Winning the lottery: The most energetic neutrino in the history of science is detected at the bottom of the sea

Despite their electrical neutrality and small mass, neutrinos are among the most abundant particles in the Universe. But the problem is that it is extremely difficult to detect their interaction with conventional matter, so identifying ultrahigh energy neutrinos is akin to winning the lottery. 

Identifying ultra-high energy neutrinos is like winning the lottery. Illustration: Unsplash

The underwater observatory ARCA (Astroparticle Research with Cosmics) has detected subatomic interactions that may be the result of ultra-high energy neutrinos. Neutrino physicist Joao Coelho announced the potential discovery at the Neutrino 2024 conference in Milan, Italy.

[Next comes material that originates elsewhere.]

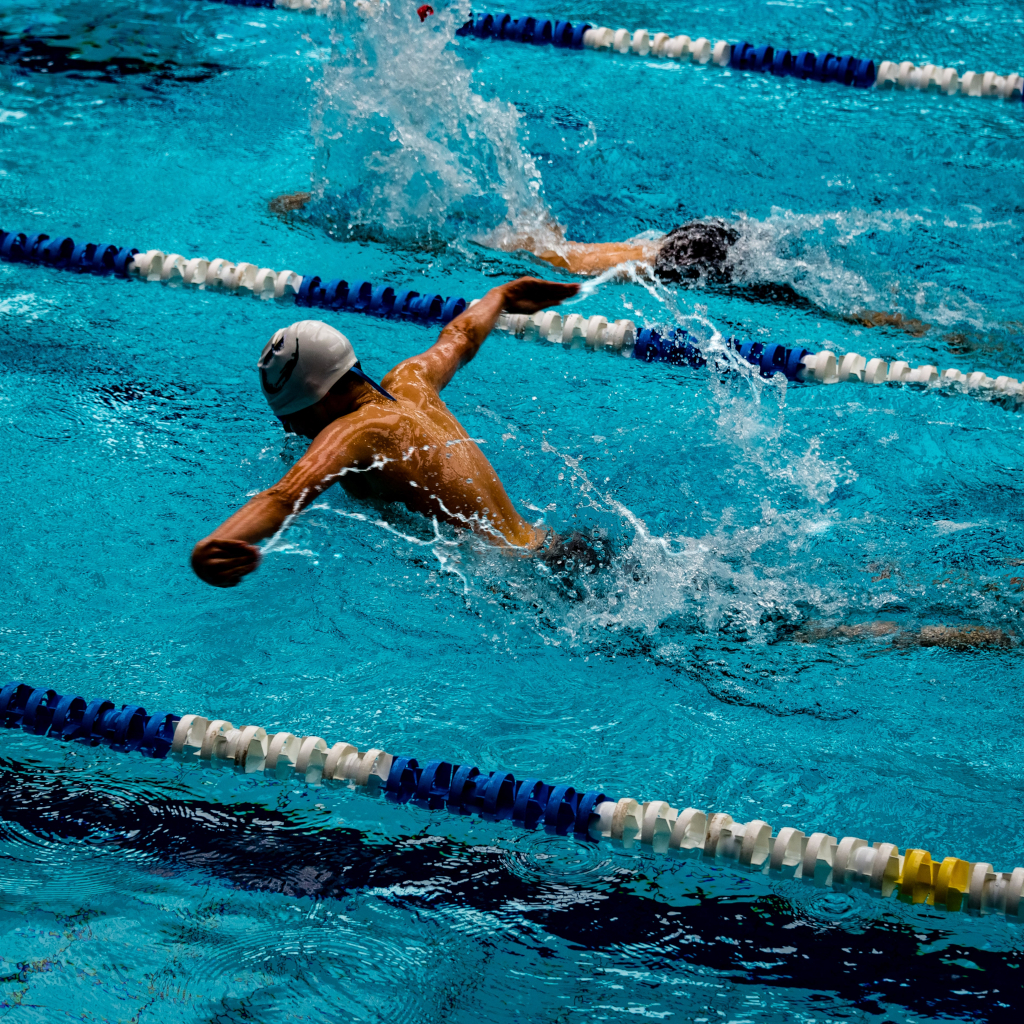 Swimmers/richard-r-schunemann-718065-unsplash.jpg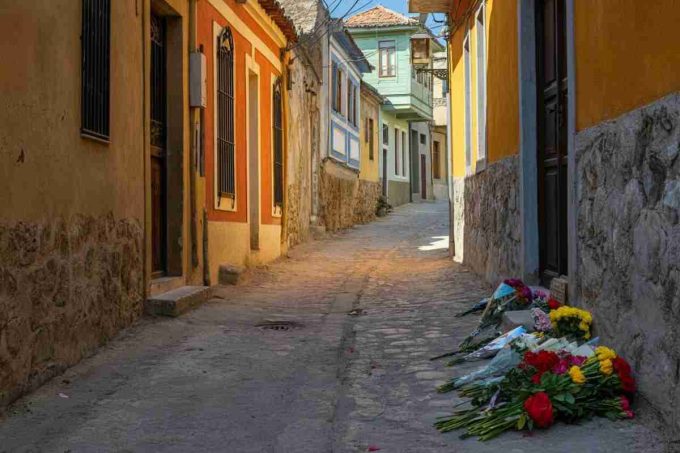 Tragedia a Napoli: due ex guardie giurate trovate morte dopo un omicidio-suicidio fraterno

ARCA consists of several Plexiglas spheres, each about half a meter wide, attached to strings anchored to the bottom of the Mediterranean Sea southeast of Sicily. The observatory is located 3,500 meters below sea level and is part of a large array of KM3NeT telescopes and detectors designed as the next generation of neutrino telescopes.

ARCA spheres are designed to detect light radiation that can reach the seabed, including high-energy cosmic rays and particles such as neutrinos. Neutrinos cannot be observed directly, but their presence can be detected when the particles strike atoms of water, air, or rock. ARCA instruments detect the cascade of subatomic particles produced by this interaction.

Astroparticle Research with Cosmics

Ultra-energetic neutrinos have been known for several years and are thought to be the result of the most violent events in the Universe, such as the growth of supermassive black holes or the remnants of supernovae stars. These neutrinos can carry energies of half a petaelectronvolt (PeV) or more. The potential high-energy neutrino announced by Coelho can have energies of tens of petaelectronvolt.

If the discovery is confirmed, a physicist at the University of Wisconsin-Madison, Francis Halzen, said it would be a “fantastic event” for particle physics researchers. Coelho described the detection by ARCA, which has been collecting data since the mid-2010s, as a phenomenon that is very far away from anything ever recorded about neutrinos.

Neutrinos are among the most elusive particles in the Universe and the least studied in the Standard Model. Many efforts are now underway to unravel their mysteries. CERN uses the Large Hadron Collider for neutrino experiments, and other observatories designed to detect high-energy neutrinos are under construction or have been proposed by researchers from around the world.